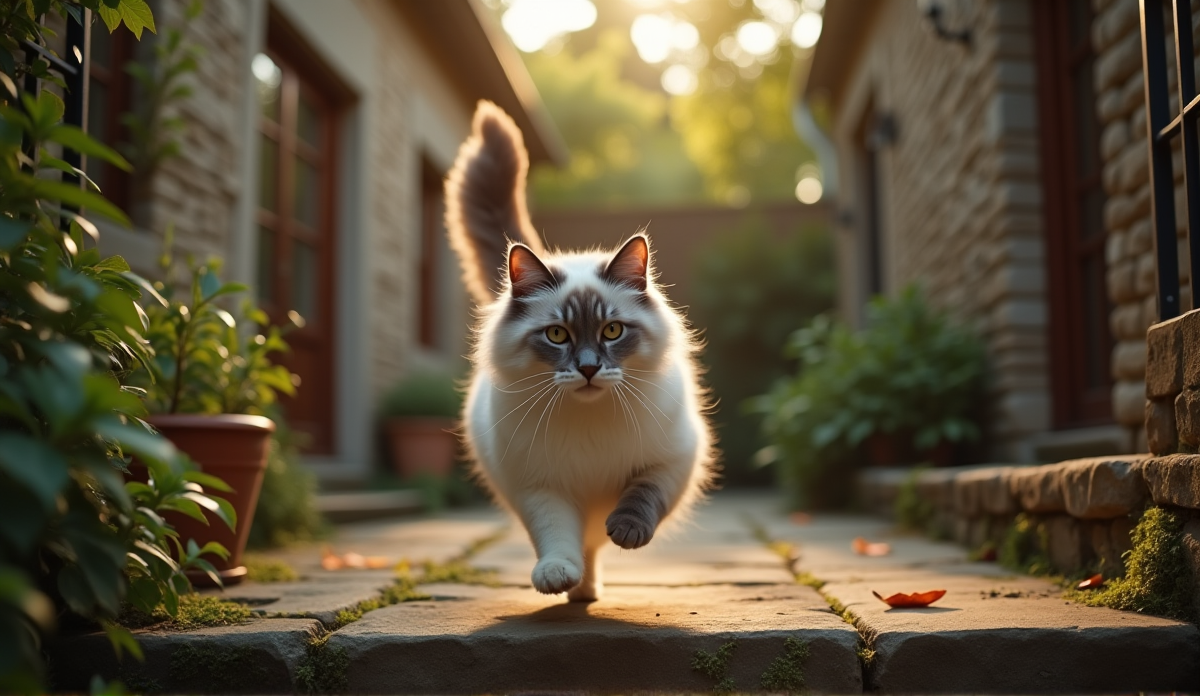 Safe Alternatives to Cat Litter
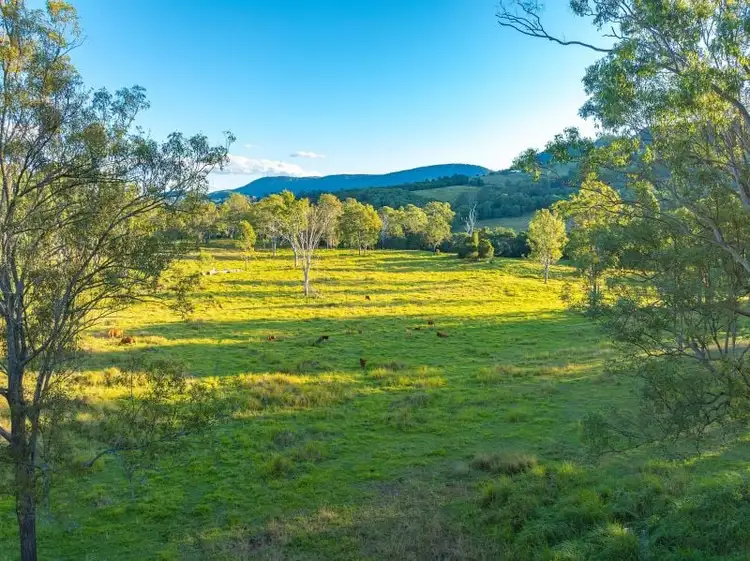 Lot 6 Eel Creek Road, Langshaw QLD 4570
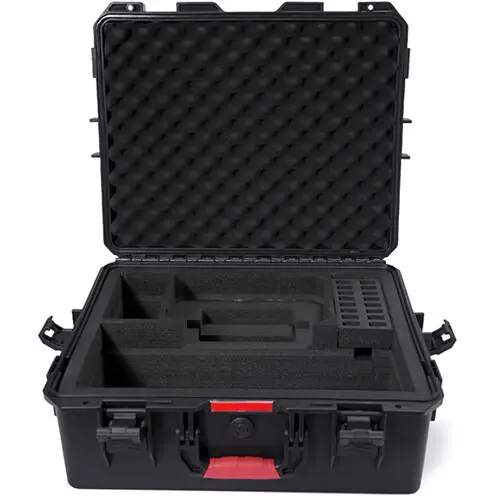 Hollyland Solidcom C1 Pro Hard-Shell Carry Case HL-C1PRO-SC04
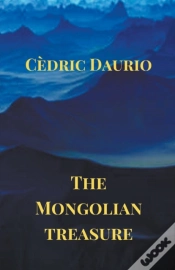 Capa do artigo The Mongolian Treasure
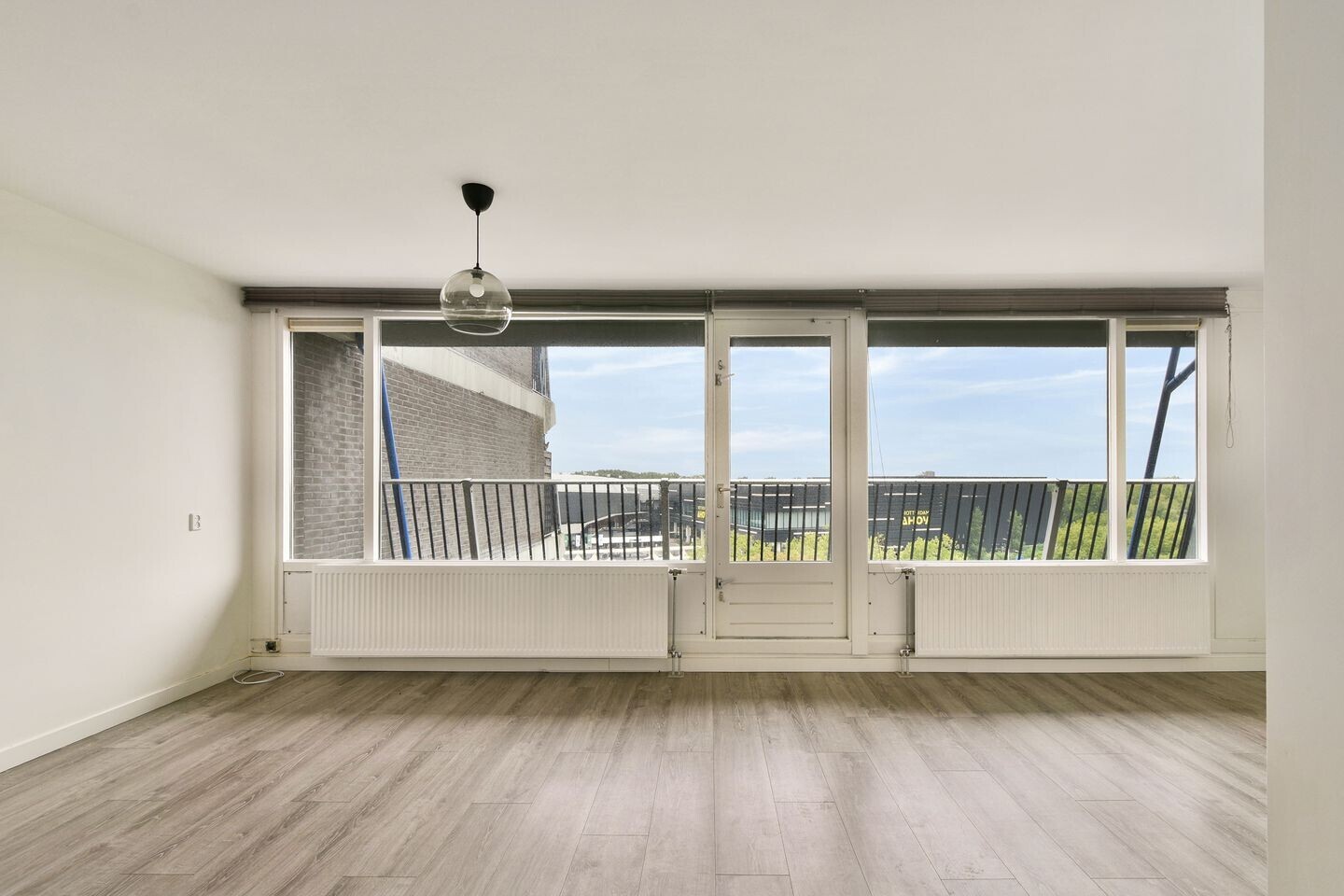 Appartement te koop: Zuiderterras 54, Rotterdam
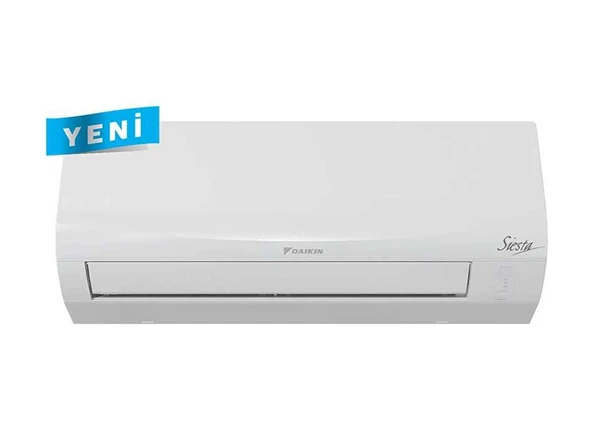 Daikin Siesta Sensira ATXF25F Wifi 9.000 BTU A++ İnverter Klima ürün görseli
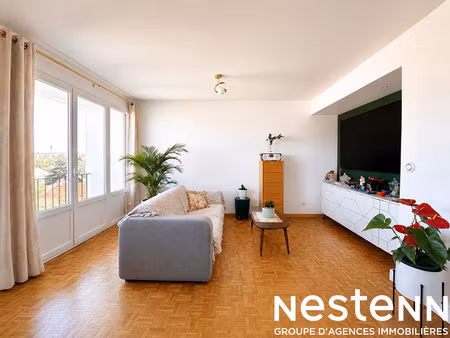 appartement champigny sur marne 4 pièce(s)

::::::

**Problem to solve**
Reproduce exactly the lines that run from the line holding "Daikin Siesta Sensira" through the final line of the entries, and omit every picture.

**Solution**
 Daikin Siesta Sensira ATXF25F Wifi 9.000 BTU A++ İnverter Klima ürün görseli
 appartement champigny sur marne 4 pièce(s)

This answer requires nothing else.